Compare the Difference Between Similar Terms

Difference Between Egestion and Excretion

Egestion vs Excretion
 

When the nutrients have been used up to extract energy by burning with oxygen or other metabolic means, the waste products should be discharged out of the body. In addition, not all the ingested food will be stored inside the body, but there will be some waste, as well. Therefore, these have to be discharged out of the body. In both egestion and excretion, contents are let out of the body and sometimes these contents are released out through the same body part. Thus, the actual processes of excretion and egestion might cause some confusion. The two processes are highly different from each other with respect to the metabolic pathways and involved body organ systems. Therefore, it would be important to go through some information about these vital processes taking place inside the body of everyone.

What is Egestion?

Egestion could be defined as the discharge of undigested food particles or matter from the body of an animal. After the ingestion, food is being digested and absorbed into the body, the indigestible food matter is left in the body, and the body should get rid of it. In egestion, a series of processes take place, and the method of discharge depends on whether the animal is unicellular or multicellular; the expulsion of undigested food materials are moved out of the body through the digestive tract and anus in multicellular organisms while the discharge takes place through the cell membrane in unicellular organisms.

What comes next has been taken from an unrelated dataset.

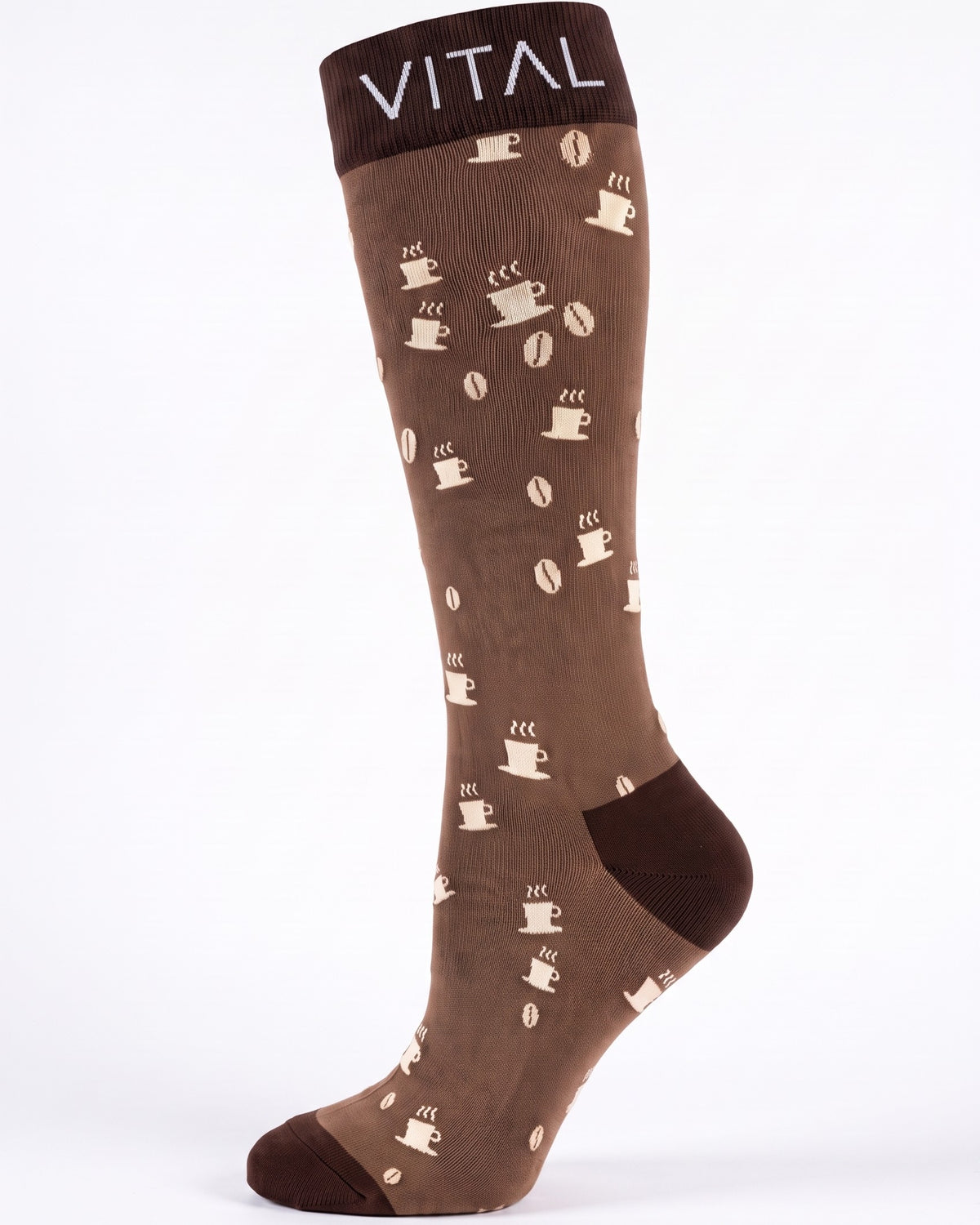Espresso knee-high compression sock, coffee cup and bean print, dark brown heel, studio shot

Despite those differences, the metabolic pathway that leads to egestion is mostly the same in most animals for a particular food material. The discharged material is commonly known as the faeces or dung. Egestion takes place through the anus or the cloaca, but some invertebrates such as flatworms discharge their waste food as faeces through the mouth. In egestion, the discharged food matter is usually thick or sometimes semisolid, as the maximum amount of water is absorbed into the animal’s body when the food passes through the large intestine. Most of the time, these faecal matters have an unpleasant odour. One of the important features of this defecated matter is that it has never been absorbed into the cells.

What is Excretion?

Excretion is the discharge of substances that have gone through one or several metabolic processes inside the body of an animal. Exhaling step of respiration, urination, and sweating are the main excretory processes of an animal. During the exhaling in respiration, the carbon dioxide generated inside cells is let-out through the nasal cavity. Cellular respiration produces carbon dioxide and that is transported into the lungs through the circulatory system, and the lungs execute the exhaling process.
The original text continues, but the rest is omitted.